But Trial Bay was less successful as an engineering project. The dual control between prison officers and public works officers led to friction and the prevailing sea conditions meant that after 10 years only one seventh of the breakwater had been built. Washaways and washbacks in storms were a particular problem constantly eating in to existing work. In 1893 a large storm caused a new opening of the Macleay river at South West Rocks and silting up the old mouth further north at Grassy Head. This contributed to the growing irrelevancy of the project. Authorities pressed on until 1901 though with no great success. By then events had overtaken the project with improvements in shipbuilding meaning they were less prone to sinking in storms and there was no longer a need for a safe haven at South West Rocks.
In 1903, the NSW Government decided to close Trial Bay jail. The experiment was over. The prison lay abandoned until 1914. When war broke out, the Federal Government passed the War Precautions Act which created a new class of illegal and enemy aliens who were to be detained indefinitely. These included naturalised citizens and those whose fathers and grandfathers were subjects of a country “at war with the King”. Over 6,000 people were rounded up including German merchant seamen in Australia or some other colony when war broke out. It also included German families, many Jewish, who had settled in Australia and had no love for the Kaiser’s regime.
They were to be sent to an Australian ‘zivil lager’ for the duration of the war. The vast majority were held at Holsworthy Barracks in western Sydney but some were held in Berrima, in southwest NSW while Trial Bay was also re-opened in 1915. Those sent here would be the “upper 500”, citizens of “higher social status” who would be kept away from the rifffaff. This did not mean an easy ride for the detainees. The first batch took 24 hours to get from Sydney to Jerseyville by car and then a forced three hour march for the final 8km to Trial Bay.
When they got there, they found their luggage had been looted. But the inmates made the most of conditions. There were chess, boxing and bowling clubs. There were two choral societies and there was a theatre club with ornate designs and costumes made by inmates. Theatre club president Max Herz was also one of Australia’s foremost child physicians and was the highly competent camp doctor. Interned life was also made more bearable with the terrific weather of the region meaning the coast was centre of most activities year-round with fishing and a café on the beach. There was a carpenter’s shop, chair factory and even a newspaper publisher.
The inmates stayed at South West Rocks for three years. They erected a monument overlooking the jail to commemorate the five lives lost during their incarceration (three drowned, two died of TB after leaving the prison). In 1918 with the war nearing its end, authorities decided to shut down the jail and moved the 500 back to Holsworthy. There was to be no happy ending for the detainees Most were refused permission to stay in Australia, dividing families.Only 306 out of 5,600 were allowed to remain in the country.

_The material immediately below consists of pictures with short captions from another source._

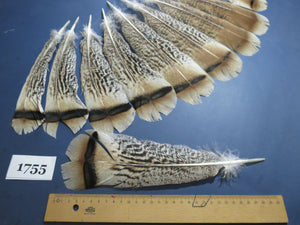 14 Pcs Natural Turkey Tail Feathers, Fly Tying Materials,Long Feathers. (1755)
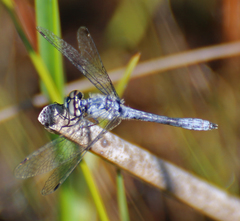 Nannothemis bella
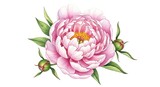 Delicate, detailed illustration of a vibrant pink and white peony flower with accompanying buds and leaves against a plain white background.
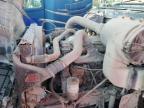 1996 International 9200 for Sale in Riverview, FL - Minor Dent/Scratches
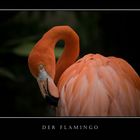 der Flamingo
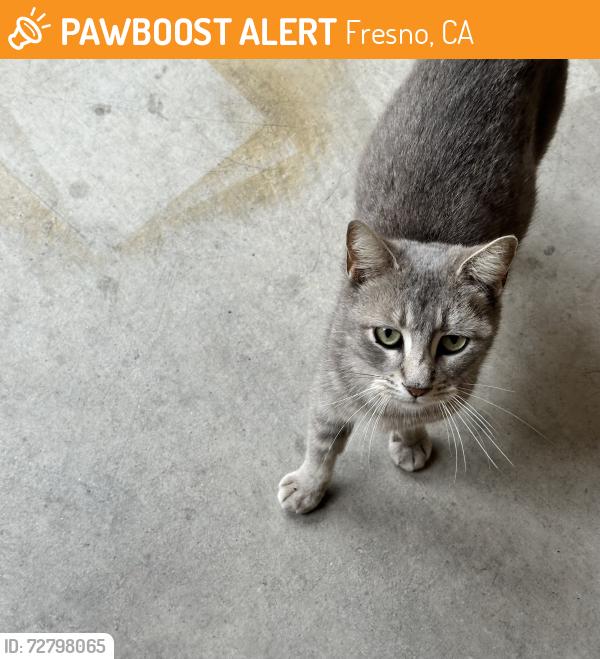 Found/Stray Unknown Cat last seen Millbrook and copper, Fresno, CA 93730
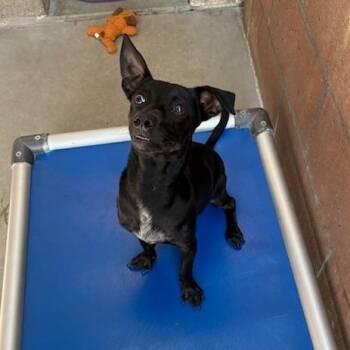 Camper -  Chihuahua and Mixed Breed Dog for Adoption in Goleta, California - Camper | PetCurious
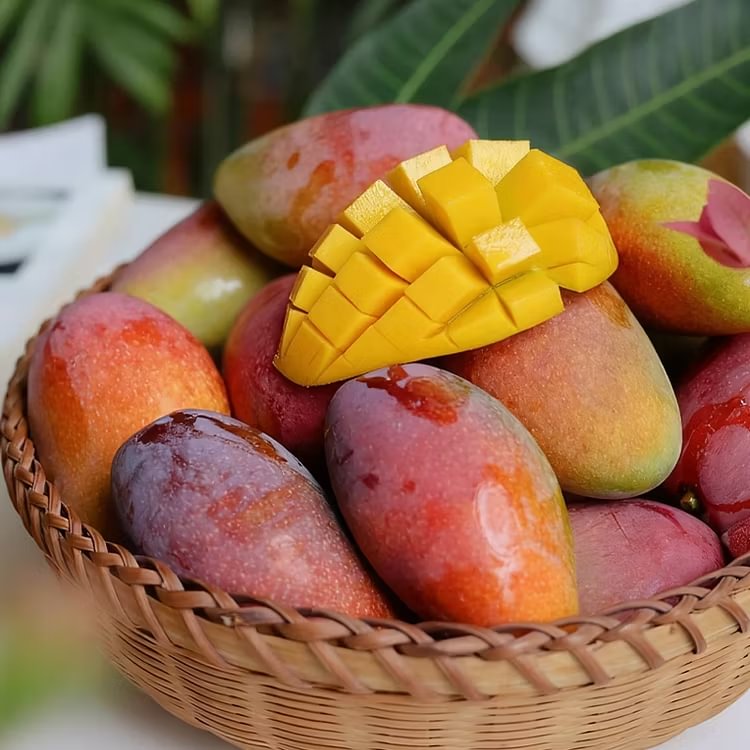 🌴 Silky-Sweet & Juicy Mango Tree Seeds – Tropical Flavor at Home 🌴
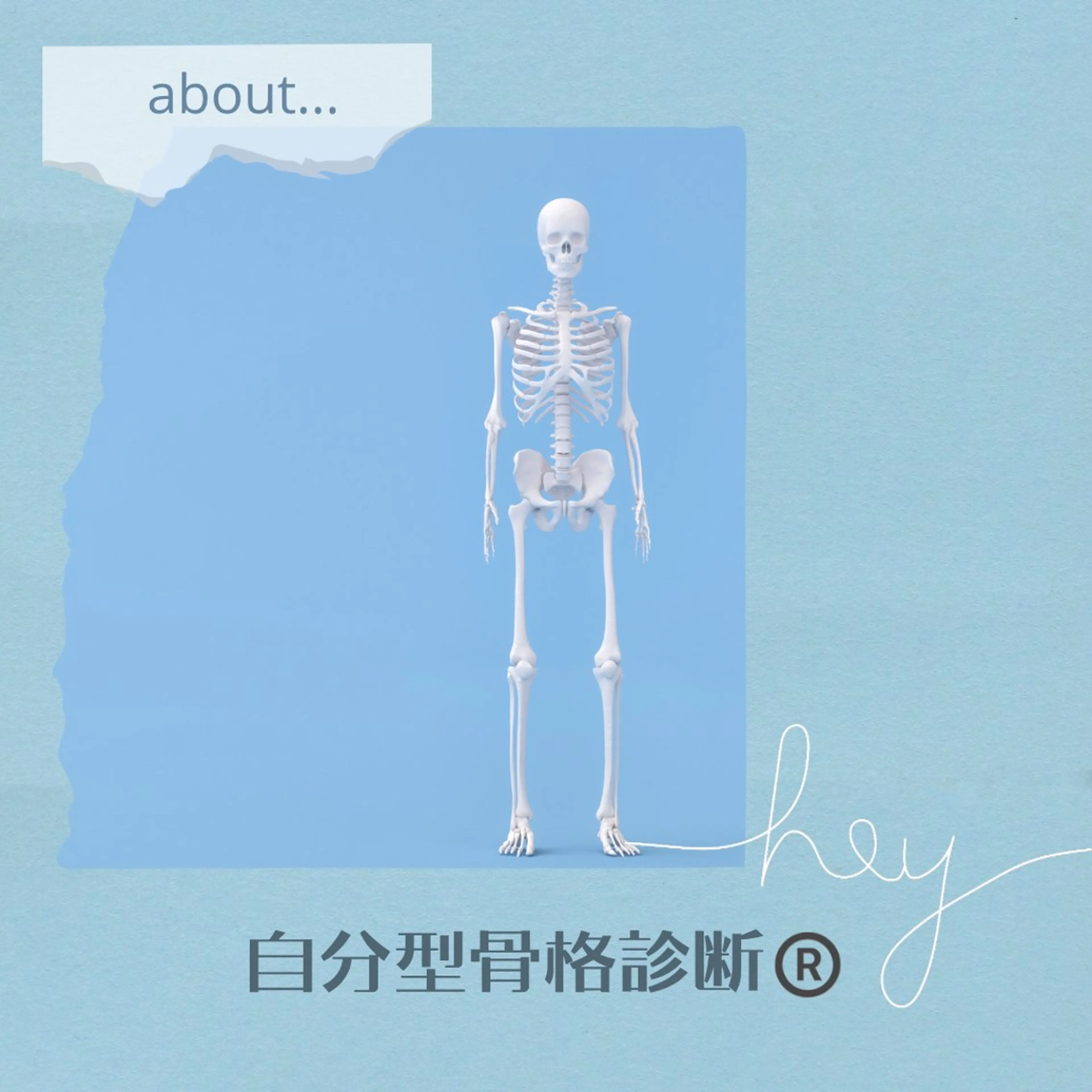 平日限定◇自分型骨格診断の写真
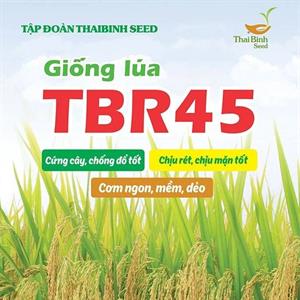 GIỐNG LÚA THUẦN TBR45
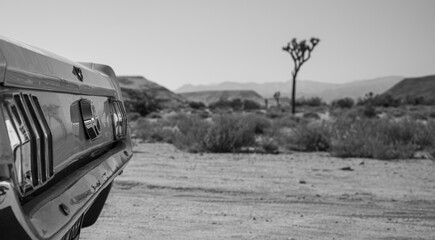 Vintage car detail in Joshua tree desert landscape © joeyarcisz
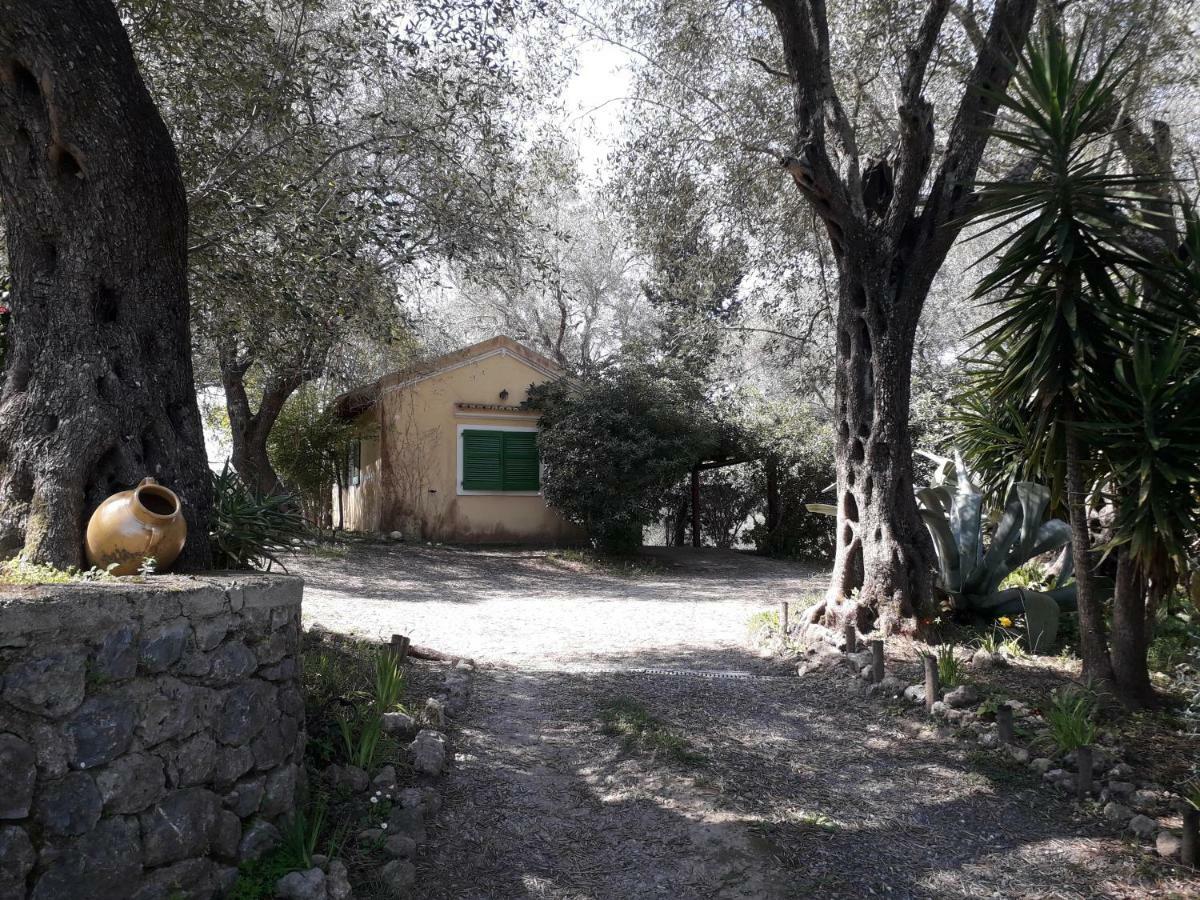 Apartament House In The Olive Garden Ágios Ioánnis Zewnętrze zdjęcie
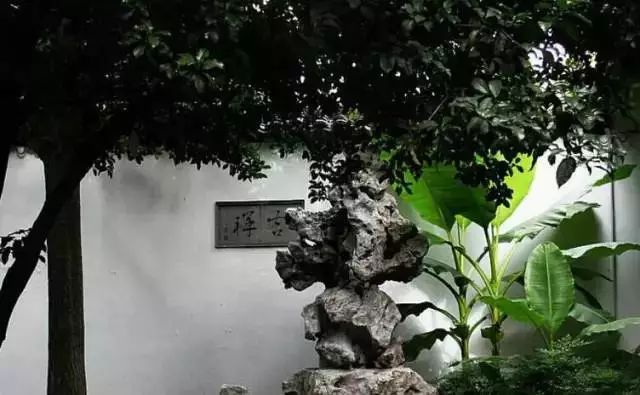 景观植物|中式园林景观必备造景植物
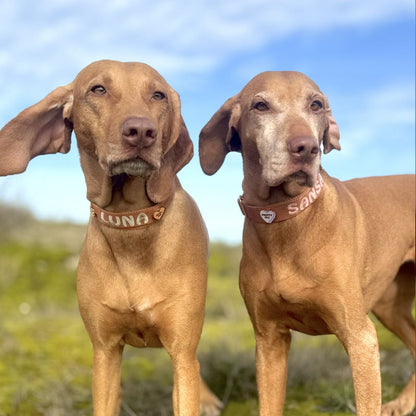 Klassisches Hundehalsband Honey Drift Cognac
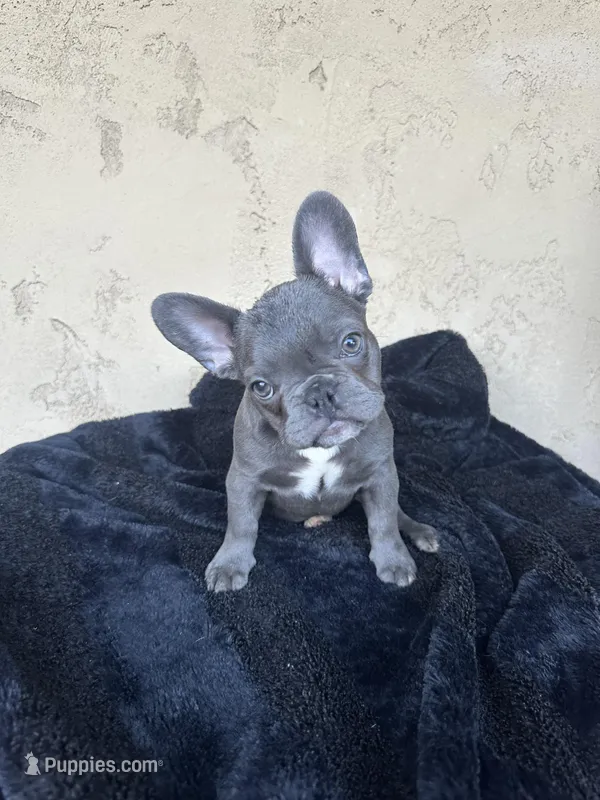 Mellow , a female French Bulldog for sale in Buckeye, AZ – Photo 1 of 3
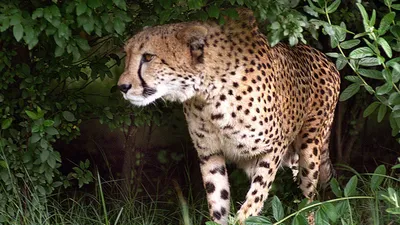 Schleich Wild Life - Gepard, weiblich 14746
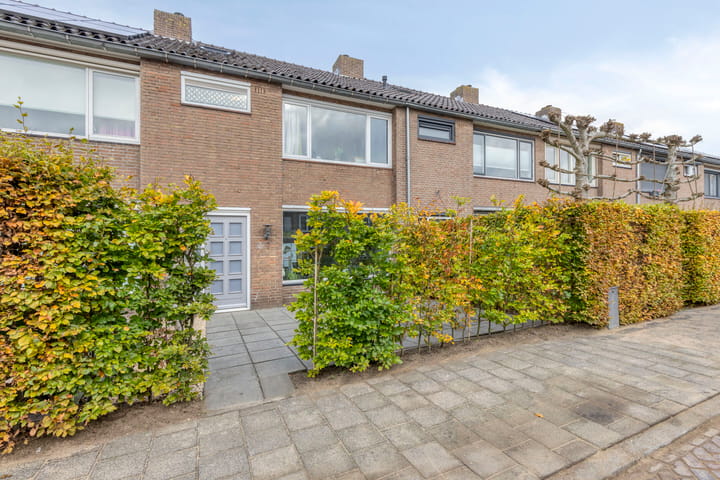 Photo 33 of Mastland 5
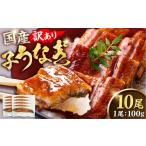 うなぎ 訳あり 鰻 100g×10尾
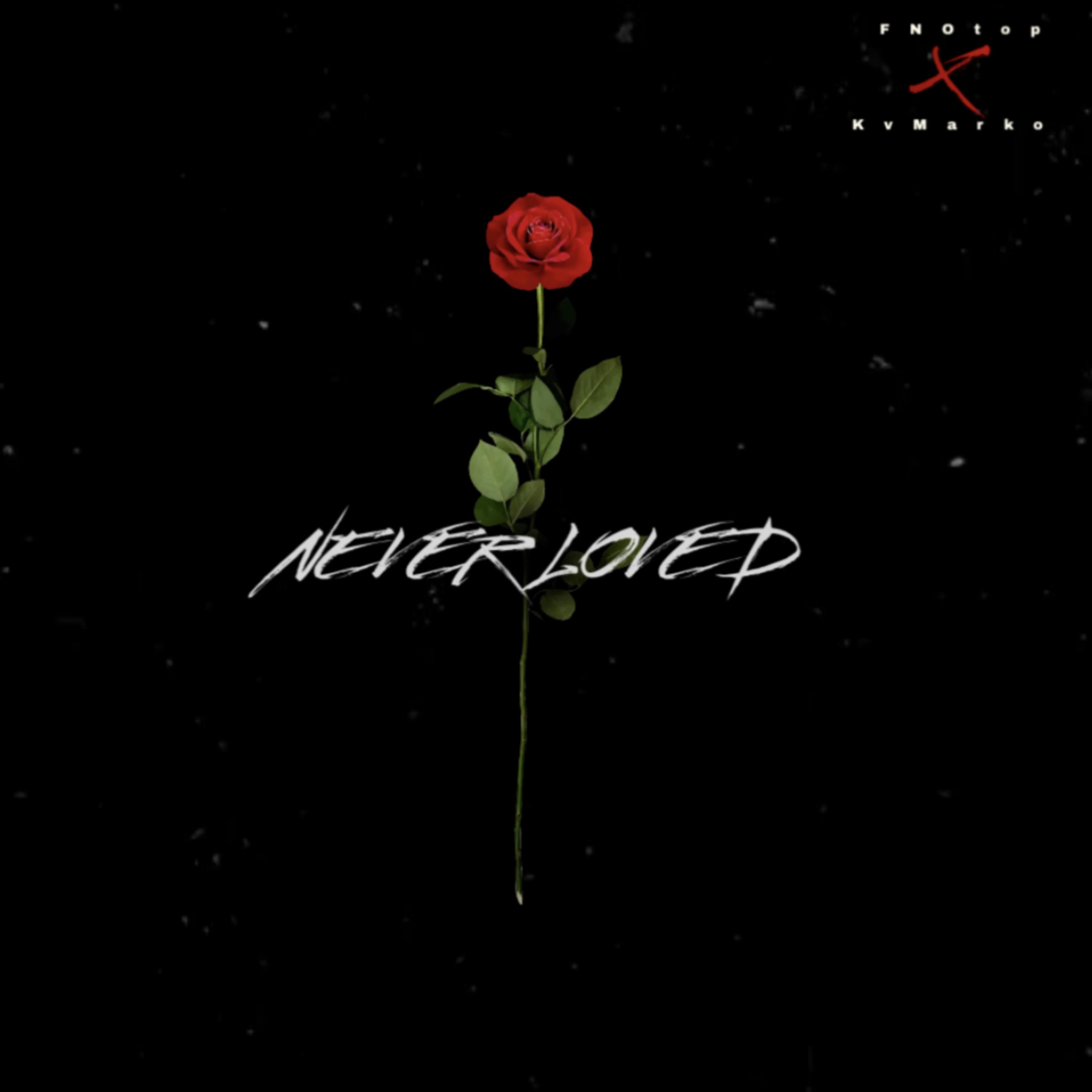 Never Loved artwork
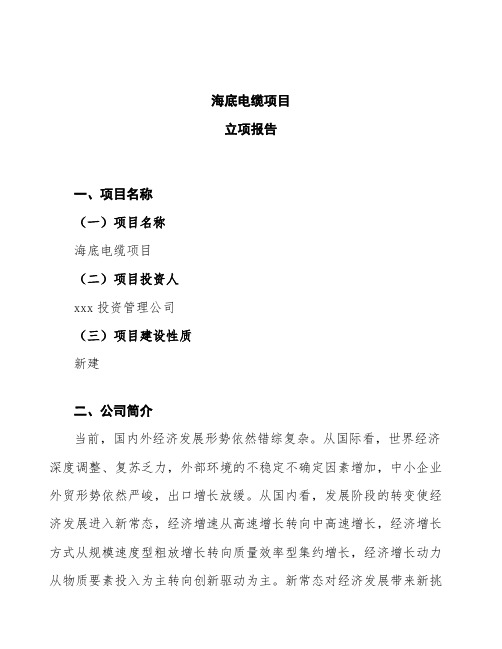 海底电缆项目立项报告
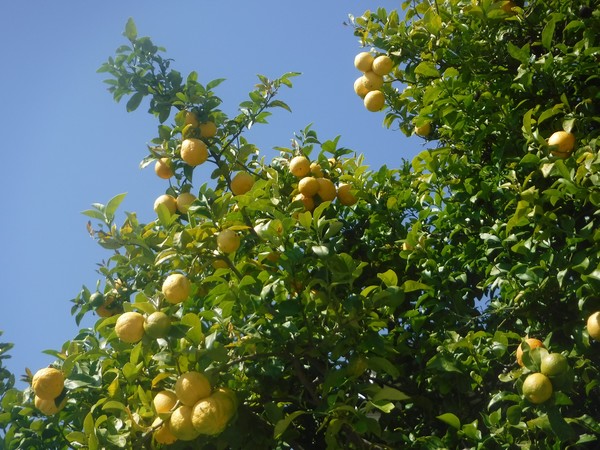 Lemon Power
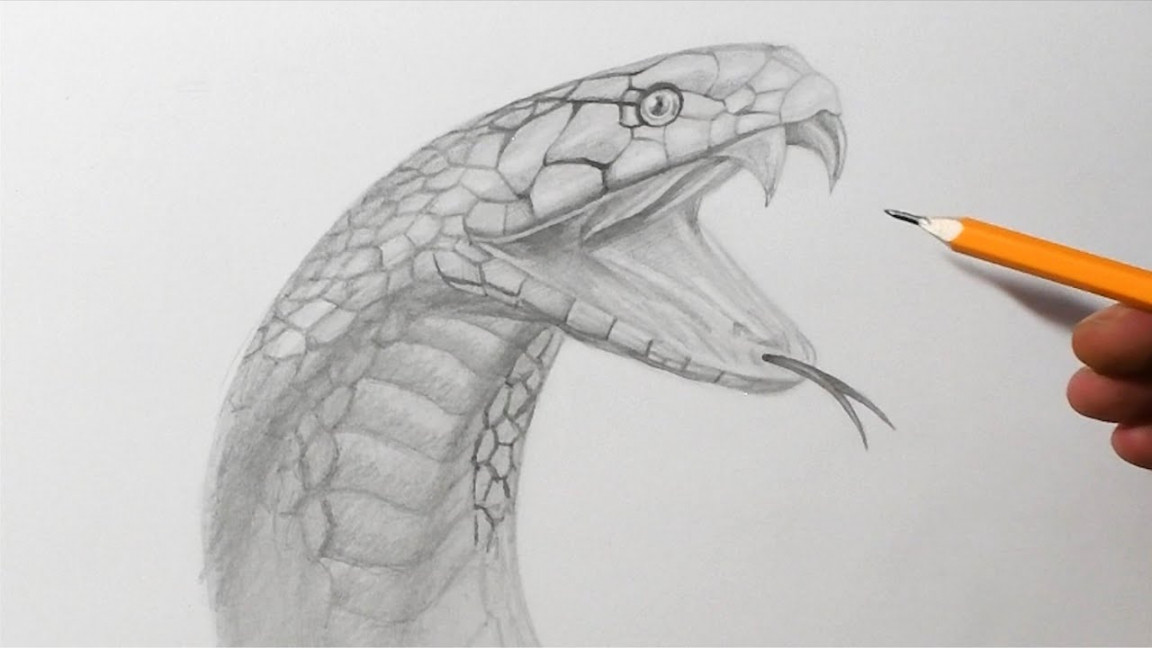 How to Draw a Snake  Pencil Drawing Tutorial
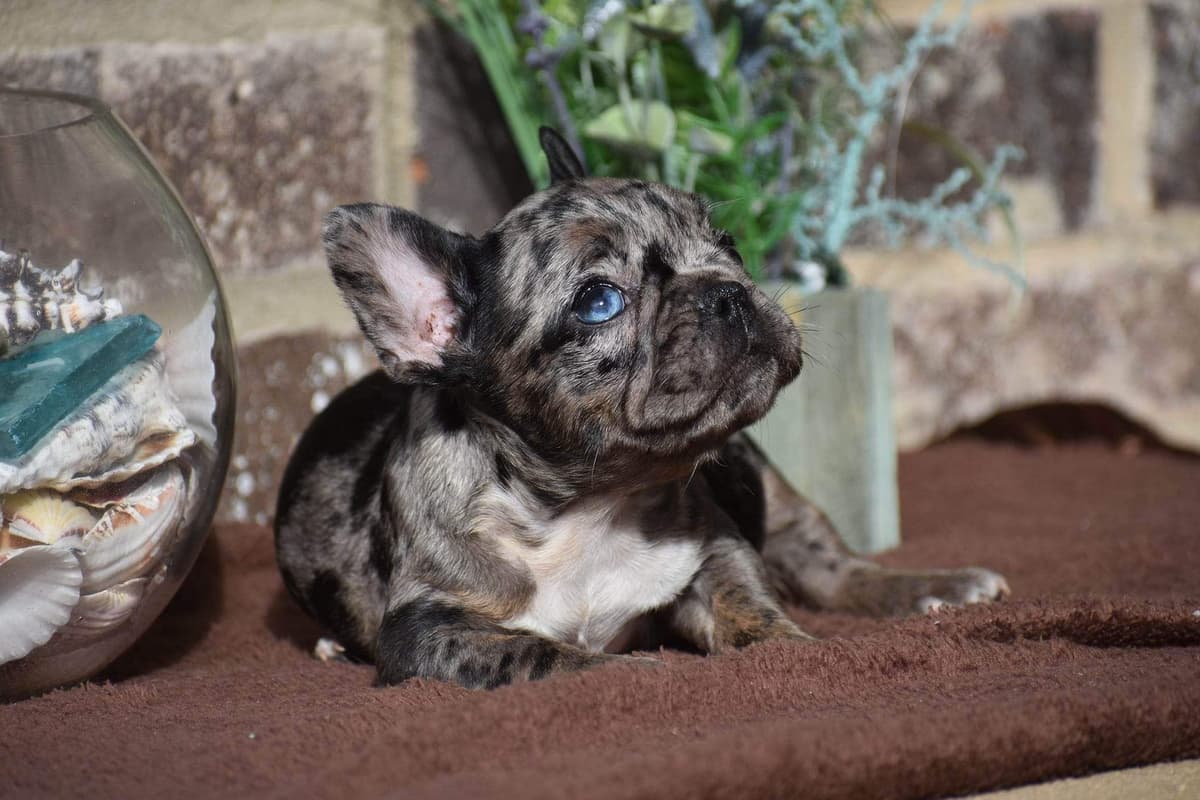 ✨🐾 Extraordinary French Bulldog Litter 🐾✨ breeder image 15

Worse still in 1919 as authorities prepared to repatriate the thousands to Germany, Spanish Flu devastated the camp killing hundreds. Meanwhile Trial Bay remained unloved and neglected. The German monument was vandalised and the cairn knocked over in 1919 when local heard about desecration of Australian war graves overseas. In 1922 the local council held an auction to sell off the roof and other valuable components. It was until after World War II that this important part of Australian history began to be cherished. A local history heritage group worked with the Kempsey Shire Council to restore the cairn and the prison itself. Finally in 1991 the site was declared on the register of National Estate and the Public Works took it over, just as they did 100 years earlier. This time however, as a museum rather than a prison.